In The Dream and the Deal, Jerre Mangione traced initial instructions to collect life histories and folklore to Washington, and the interests of Henry Alsberg, Director of the Federal Writers’ Project, and of John A. Lomax and Benjamin Botkin, his successive folklore editors. Some state projects received these instructions “with derision.” Yet in Nebraska, Mangione notes, as in some southern states, Project workers and the local community took an enthusiastic interest in gathering folklore materials.

The Nebraska Project decided to devote special attention to folklore and pioneer reminiscences. It eventually published some thirty folklore pamphlets on topics that included Cowboy Songs, Pioneer Dance Calls, Santee-Sioux Legends, Nebraska Cattle Brands, and Indian Ghost Legends, among others. Two pamphlets, Farmers Alliance Songs of the 1890s and More Farmers Alliance Songs of the 1890s reflected the deep roots of populism in William Jennings Bryan’s home state and the resonance of those protests in the hard times of the 1930s.

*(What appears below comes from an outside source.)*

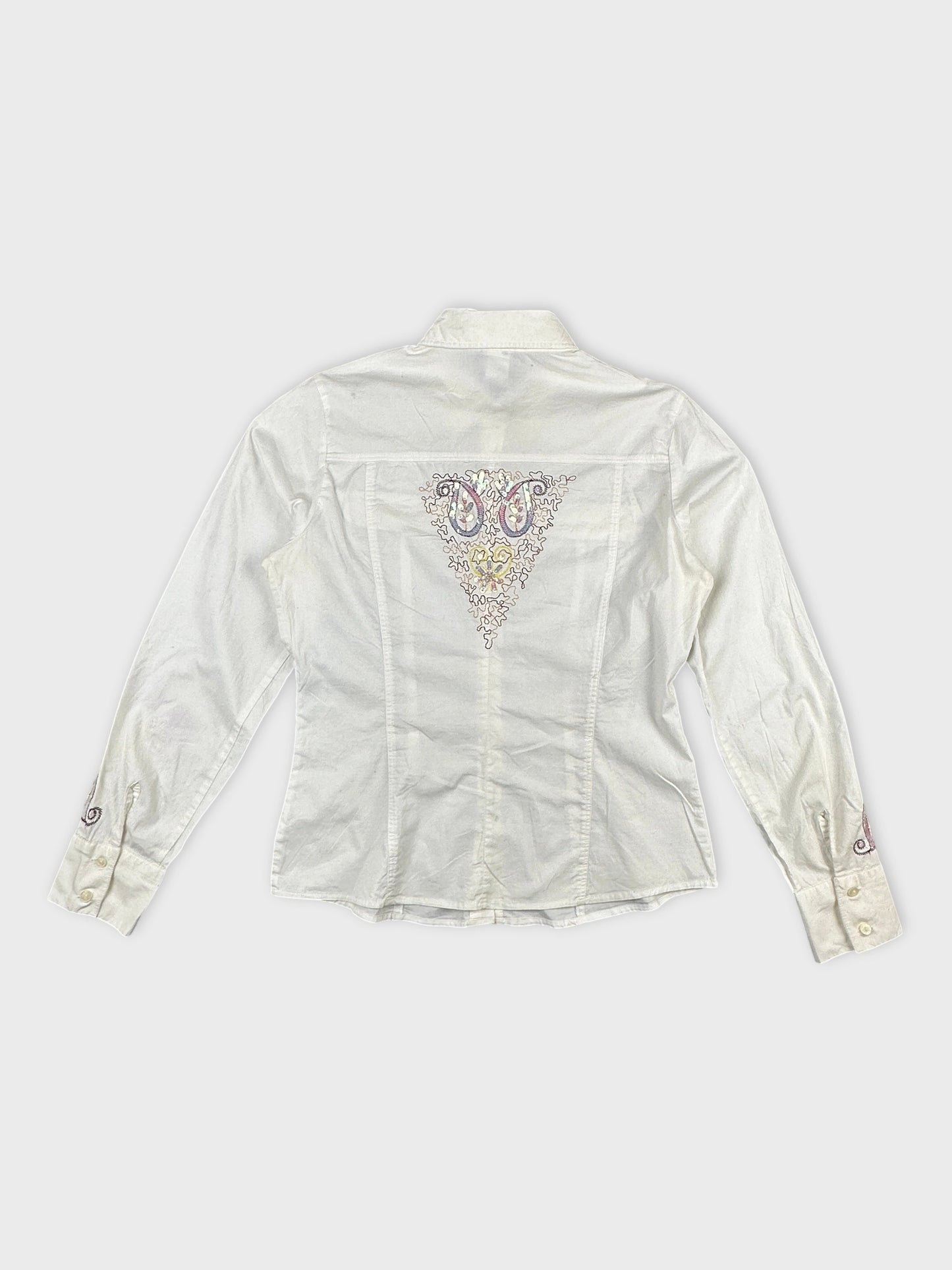 Back view of a white body shirt featuring intricate embroidery detail.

photo of  Nebraska Folklore Pamphlet Twenty: More Farmers' Alliance Songs of the 1890's

On February 7, 1940, the Sunday edition of the New York Times included a write up of the Nebraska Project’s pamphlet Pioneer Recollections under the title “Life on the Frontier Vividly Recalled.” The story told how now aged residents of the state recalled the earliest days of white settlement, including “Indian Massacres, Grasshopper Plagues and Claim-Jumping.” The story included a poignant vision of the beauty of the unsettled prairies. “The wild roses, in the ’70’s, were very thick with red blooms that could be seen for miles away,” recalled a Lincoln woman who came to the state in a covered wagon in 1872. “They had red berries on them larger than your thumb. Buffaloes could be seen wallowing in the mud along small streams.” It was beautiful, but disconcerting too, “I can remember looking at the rolling grass… and how it used to make me seasick because it looked exactly like water; sometimes I could see mirages in it.” The Times‘s story ended with the observation that the pamphlets had “attracted wide attention among students of American culture.”

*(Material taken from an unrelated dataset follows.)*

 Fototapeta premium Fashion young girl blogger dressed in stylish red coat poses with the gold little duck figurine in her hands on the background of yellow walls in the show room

As Nebraska’s Project workers gathered stories from old timers for the Nebraska Guide and local guides, and interviewed them about daily life, folk culture and local history, they put together a unique collection of narratives and anecdotes that became Nebraska’s contribution to the American Life Histories. In the minds of the Federal administrators, these life histories, recording the struggles, passions, and creativity of ordinary people, would be the foundation of a new understanding of “composite America,” a civilization enriched by the dreams and dynamism of ethnic, national, and racial minorities. This vision grew from a new appreciation of the complex brew of ethnic and national cultures that first began to take shape in Willa Cather’s immigrant novels. The appeal of this understanding of American life grew enormously as Americans watched the vicious nationalisms of fascism and Nazism take hold of old Europe.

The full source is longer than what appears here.